**Requirement:** Look through the records below for the line with "Wall Mural - multiple". Return that line and each one after it up to and including the line with "customize my samsung", exactly.

BEGIN Data for the task

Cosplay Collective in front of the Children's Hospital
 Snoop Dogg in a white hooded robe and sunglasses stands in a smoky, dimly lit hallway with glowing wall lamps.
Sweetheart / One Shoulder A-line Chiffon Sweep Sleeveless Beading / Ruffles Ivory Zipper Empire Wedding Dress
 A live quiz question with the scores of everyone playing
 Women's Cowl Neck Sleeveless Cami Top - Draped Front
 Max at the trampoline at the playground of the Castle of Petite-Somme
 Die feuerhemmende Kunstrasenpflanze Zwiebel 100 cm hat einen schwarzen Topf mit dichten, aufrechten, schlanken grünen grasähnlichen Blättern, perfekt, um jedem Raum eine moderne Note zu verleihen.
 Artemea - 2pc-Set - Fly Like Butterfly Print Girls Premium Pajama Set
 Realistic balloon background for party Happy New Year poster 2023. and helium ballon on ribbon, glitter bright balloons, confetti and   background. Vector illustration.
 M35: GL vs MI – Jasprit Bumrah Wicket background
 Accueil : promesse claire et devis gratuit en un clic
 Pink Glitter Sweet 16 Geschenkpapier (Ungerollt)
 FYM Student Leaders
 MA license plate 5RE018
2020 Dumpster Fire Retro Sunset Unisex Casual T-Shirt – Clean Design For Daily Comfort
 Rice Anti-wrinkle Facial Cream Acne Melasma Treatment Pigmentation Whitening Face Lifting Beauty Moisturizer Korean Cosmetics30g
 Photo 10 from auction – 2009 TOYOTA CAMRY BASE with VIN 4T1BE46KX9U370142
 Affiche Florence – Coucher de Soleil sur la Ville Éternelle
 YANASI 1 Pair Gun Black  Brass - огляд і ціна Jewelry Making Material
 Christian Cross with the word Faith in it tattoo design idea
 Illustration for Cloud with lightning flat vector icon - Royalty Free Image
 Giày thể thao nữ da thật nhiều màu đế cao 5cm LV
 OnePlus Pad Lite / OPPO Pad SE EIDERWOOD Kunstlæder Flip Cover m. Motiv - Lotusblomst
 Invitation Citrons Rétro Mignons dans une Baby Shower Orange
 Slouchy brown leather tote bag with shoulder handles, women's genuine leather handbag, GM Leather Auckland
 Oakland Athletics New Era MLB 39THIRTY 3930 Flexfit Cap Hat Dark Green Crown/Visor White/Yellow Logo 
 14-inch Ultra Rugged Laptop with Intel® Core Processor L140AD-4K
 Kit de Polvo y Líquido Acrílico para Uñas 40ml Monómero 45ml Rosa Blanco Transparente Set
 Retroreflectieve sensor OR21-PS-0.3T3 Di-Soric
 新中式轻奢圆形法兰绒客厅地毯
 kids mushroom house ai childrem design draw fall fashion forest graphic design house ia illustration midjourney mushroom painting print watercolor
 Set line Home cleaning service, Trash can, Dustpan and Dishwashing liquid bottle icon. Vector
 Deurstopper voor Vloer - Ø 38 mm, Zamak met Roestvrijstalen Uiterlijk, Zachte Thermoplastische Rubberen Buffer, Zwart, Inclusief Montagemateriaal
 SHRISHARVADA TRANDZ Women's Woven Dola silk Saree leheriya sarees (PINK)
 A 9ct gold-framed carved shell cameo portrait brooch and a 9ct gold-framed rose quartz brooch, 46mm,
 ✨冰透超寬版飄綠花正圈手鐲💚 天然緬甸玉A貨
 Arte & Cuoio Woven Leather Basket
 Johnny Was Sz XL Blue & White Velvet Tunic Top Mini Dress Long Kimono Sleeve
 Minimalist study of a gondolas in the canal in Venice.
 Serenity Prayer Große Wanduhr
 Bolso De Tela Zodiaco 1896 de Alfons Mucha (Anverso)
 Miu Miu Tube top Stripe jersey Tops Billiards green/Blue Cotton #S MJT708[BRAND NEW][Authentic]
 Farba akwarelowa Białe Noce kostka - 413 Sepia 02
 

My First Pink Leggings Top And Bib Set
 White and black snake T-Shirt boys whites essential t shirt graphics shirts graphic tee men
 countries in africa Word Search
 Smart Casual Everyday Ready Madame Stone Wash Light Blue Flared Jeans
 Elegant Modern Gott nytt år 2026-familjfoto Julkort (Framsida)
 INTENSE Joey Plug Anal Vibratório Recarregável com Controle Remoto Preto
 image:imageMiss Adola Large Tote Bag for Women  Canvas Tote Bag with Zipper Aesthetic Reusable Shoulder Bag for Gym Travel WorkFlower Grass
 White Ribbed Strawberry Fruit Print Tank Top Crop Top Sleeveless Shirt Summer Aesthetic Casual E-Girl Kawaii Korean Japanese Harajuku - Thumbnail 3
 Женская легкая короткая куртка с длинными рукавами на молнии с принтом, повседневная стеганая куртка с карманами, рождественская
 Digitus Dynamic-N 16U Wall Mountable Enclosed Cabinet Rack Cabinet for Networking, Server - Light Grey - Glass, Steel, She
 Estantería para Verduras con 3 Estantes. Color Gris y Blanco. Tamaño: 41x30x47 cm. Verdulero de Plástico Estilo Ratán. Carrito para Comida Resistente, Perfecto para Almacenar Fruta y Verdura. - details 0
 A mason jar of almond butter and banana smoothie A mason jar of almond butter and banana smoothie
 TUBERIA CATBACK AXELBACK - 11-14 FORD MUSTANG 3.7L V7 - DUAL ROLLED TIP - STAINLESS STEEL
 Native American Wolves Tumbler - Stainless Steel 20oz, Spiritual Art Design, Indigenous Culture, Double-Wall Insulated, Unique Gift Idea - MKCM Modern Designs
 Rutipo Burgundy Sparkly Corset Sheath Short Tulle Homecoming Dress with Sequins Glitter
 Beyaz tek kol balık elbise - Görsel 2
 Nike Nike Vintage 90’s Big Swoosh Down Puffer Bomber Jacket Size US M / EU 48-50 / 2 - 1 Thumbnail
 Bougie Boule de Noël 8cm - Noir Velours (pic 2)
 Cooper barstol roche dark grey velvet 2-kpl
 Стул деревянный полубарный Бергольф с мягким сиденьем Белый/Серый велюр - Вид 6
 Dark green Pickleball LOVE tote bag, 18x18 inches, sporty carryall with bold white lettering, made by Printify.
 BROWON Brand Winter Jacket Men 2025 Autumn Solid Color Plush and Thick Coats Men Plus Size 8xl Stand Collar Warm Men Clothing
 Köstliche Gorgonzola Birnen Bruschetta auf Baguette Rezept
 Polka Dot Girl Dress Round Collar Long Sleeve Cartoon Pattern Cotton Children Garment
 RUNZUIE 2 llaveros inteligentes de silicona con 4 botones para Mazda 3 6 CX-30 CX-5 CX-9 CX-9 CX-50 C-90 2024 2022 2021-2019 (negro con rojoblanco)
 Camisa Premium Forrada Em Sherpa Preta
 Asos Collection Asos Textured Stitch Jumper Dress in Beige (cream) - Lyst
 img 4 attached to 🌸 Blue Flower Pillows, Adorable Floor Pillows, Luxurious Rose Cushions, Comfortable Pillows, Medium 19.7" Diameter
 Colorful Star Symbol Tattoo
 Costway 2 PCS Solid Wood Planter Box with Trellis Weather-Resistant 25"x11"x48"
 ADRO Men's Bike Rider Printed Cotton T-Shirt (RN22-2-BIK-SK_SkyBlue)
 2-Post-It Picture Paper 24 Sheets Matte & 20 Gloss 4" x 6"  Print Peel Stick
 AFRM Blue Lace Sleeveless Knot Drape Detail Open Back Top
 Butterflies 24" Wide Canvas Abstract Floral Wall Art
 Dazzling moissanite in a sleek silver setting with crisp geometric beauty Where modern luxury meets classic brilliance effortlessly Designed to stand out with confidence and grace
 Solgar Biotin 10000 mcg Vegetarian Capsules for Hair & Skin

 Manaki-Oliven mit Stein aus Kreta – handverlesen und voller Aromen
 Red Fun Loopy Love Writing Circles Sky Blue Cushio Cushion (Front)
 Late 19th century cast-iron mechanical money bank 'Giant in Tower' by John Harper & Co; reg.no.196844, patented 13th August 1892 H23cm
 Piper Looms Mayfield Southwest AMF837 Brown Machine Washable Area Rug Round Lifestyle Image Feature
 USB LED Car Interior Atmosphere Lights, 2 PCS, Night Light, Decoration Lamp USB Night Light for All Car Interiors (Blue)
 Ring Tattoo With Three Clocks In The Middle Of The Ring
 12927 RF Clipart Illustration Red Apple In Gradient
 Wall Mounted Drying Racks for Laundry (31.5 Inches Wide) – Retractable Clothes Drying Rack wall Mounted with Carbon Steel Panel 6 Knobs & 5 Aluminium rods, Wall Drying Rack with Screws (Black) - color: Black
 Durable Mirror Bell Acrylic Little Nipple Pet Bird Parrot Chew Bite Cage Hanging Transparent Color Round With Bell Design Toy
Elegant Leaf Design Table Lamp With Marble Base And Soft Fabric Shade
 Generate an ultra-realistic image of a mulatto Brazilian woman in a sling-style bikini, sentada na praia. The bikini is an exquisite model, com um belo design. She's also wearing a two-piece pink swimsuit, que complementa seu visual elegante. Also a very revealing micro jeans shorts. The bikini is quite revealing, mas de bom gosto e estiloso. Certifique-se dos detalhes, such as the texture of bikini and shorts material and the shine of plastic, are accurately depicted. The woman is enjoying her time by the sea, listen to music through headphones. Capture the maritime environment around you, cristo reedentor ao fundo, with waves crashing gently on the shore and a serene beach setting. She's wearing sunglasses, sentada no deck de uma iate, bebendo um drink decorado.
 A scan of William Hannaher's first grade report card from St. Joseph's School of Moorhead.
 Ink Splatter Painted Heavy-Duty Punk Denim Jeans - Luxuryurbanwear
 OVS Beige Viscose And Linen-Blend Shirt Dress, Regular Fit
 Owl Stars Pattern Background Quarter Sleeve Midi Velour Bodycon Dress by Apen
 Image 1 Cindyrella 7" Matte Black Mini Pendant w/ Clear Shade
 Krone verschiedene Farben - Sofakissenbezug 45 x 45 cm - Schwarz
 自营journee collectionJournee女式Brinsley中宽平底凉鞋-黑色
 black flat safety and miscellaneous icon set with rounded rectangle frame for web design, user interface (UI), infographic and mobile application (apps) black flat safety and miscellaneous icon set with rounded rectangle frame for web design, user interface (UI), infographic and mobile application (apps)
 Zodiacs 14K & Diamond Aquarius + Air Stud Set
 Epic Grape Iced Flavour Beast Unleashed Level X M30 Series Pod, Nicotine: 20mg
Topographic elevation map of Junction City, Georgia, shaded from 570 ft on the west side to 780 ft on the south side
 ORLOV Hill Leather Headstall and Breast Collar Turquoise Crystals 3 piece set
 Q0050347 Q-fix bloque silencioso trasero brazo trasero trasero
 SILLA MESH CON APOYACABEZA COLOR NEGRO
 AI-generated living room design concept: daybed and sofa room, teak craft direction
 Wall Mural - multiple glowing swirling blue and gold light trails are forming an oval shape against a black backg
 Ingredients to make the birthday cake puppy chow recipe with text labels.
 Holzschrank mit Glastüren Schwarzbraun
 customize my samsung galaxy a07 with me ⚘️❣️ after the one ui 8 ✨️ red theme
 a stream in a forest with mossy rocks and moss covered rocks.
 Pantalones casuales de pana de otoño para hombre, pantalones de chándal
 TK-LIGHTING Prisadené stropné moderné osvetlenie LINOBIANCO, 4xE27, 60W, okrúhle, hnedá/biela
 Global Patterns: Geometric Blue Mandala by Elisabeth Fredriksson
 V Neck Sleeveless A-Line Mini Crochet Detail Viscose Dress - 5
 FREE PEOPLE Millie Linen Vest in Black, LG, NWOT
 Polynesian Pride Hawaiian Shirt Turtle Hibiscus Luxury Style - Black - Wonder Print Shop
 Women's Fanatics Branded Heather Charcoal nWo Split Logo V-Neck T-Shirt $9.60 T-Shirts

END Data for the task

**Solution to the problem:**
 Wall Mural - multiple glowing swirling blue and gold light trails are forming an oval shape against a black backg
 Ingredients to make the birthday cake puppy chow recipe with text labels.
 Holzschrank mit Glastüren Schwarzbraun
 customize my samsung galaxy a07 with me ⚘️❣️ after the one ui 8 ✨️ red theme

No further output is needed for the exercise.